Like John Scalzi’s wife, Spacebunny was recently accosted in a bar by a drunken fool with inappropriately amorous attentions. She, too, was grabbed. Unlike Mrs. Scalzi, however, she did not feel the need to shove him up against a wall, jam her arm into his throat and give a little feminist speech: “I have had enough of you being rude and disrespectful toward women. The next time I see you, you will be polite and show respect.”
Instead, Spacebunny simply turned around and let loose with her trademark Storm Blue Icicle Stare, which was enough to inspire the same result achieved by Mrs. Scalzi’s physical attack. Unlike Mrs. Instapundit, I have no problem with the small amount of violence utilized by Mrs. Scalzi, nor do I harbor any desire to see Spacebunny match her ocular superpowers against the more pedestrian abilities of Mr. Scalzi’s wife, although I would put my money on the cold Nordic gaze of my pretty Valkyrie.
However, I do agree with Dr. Helen that the “you go, girl” cheerleading of various feminist commenters is more than a little repulsive, particularly in its vapid ignorance of the risks inherent in deciding to up the physical ante without benefit of 18-inch guns, martial training or weaponry. I don’t say this in defense of uncouth cretins who consider groping to be a form of courtship – although I will point out that this justification of violent response to unwanted contact justifies much, if not most, gay-bashing – only to say that it is unwise to increase the amount of physical force in an exchange if you are not fully prepared for it to escalate dramatically.
As my sensei always taught, do not go until you are ready to go 100 percent. Shoving someone against a wall is not sufficient as the opponent is not incapacitated and such an armbar leaves your stomach, groin and knees fully exposed. It’s merely intimidation, which only the inexperienced could possibly confuse for genuine incapacitation.
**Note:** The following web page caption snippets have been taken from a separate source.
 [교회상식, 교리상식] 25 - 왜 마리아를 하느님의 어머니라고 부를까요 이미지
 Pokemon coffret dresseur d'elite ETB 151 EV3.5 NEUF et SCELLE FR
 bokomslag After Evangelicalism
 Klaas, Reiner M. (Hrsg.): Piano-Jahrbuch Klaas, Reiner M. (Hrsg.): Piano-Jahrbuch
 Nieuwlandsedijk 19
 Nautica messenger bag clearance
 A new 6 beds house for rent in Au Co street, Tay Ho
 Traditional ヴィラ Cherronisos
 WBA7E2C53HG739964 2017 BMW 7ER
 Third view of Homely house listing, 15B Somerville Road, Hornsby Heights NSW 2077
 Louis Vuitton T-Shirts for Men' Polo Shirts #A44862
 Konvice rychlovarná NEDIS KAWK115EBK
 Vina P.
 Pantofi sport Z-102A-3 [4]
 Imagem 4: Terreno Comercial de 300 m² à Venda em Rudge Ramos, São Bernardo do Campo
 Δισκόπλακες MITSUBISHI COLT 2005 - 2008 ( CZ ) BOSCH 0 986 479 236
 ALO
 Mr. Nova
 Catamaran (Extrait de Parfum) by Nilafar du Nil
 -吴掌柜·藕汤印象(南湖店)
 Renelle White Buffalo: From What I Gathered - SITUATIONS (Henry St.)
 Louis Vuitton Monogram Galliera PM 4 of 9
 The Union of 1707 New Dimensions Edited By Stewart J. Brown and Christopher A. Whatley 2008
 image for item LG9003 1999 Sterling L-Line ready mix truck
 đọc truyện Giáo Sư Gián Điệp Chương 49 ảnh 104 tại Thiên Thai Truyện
Now, perhaps Mrs. Scalzi was fortunate or perhaps she is an astute judge of male character and correctly identified a physical coward who would permit her to humiliate him. I don’t know, I was not there and I take no exception to her actions. (The silly little speech is another matter, but whatever.) I would not, however, recommend a similarly physical reaction to unwanted touching by the average woman unless the guy is in a wheelchair or something. Even then it can be risky; one of my friends was once knocked out in a nightclub brawl when a crippled gangbanger threw a brick and hit him in the back of the head.
As for the Tuff Grrrl poster, the less said the better. Someday, women will learn that you have to earn respect, you don’t simply get it for “being me”. If a feminist doesn’t respect me, (and I assume many don’t), does that give me the right to beat her? Still, while Dr. Helen is appalled, I’m mostly amused to see middle class white women adopting the “don’t diss me” attitude of the black underclass. I mean, it’s worked so well for them, after all….
By the way, Scalzi’s SF is worth reading, particularly if you enjoy the early Heinlein. Despite our numerous differences of opinion, I found I rather liked the guy when we were exchanging emails a while back.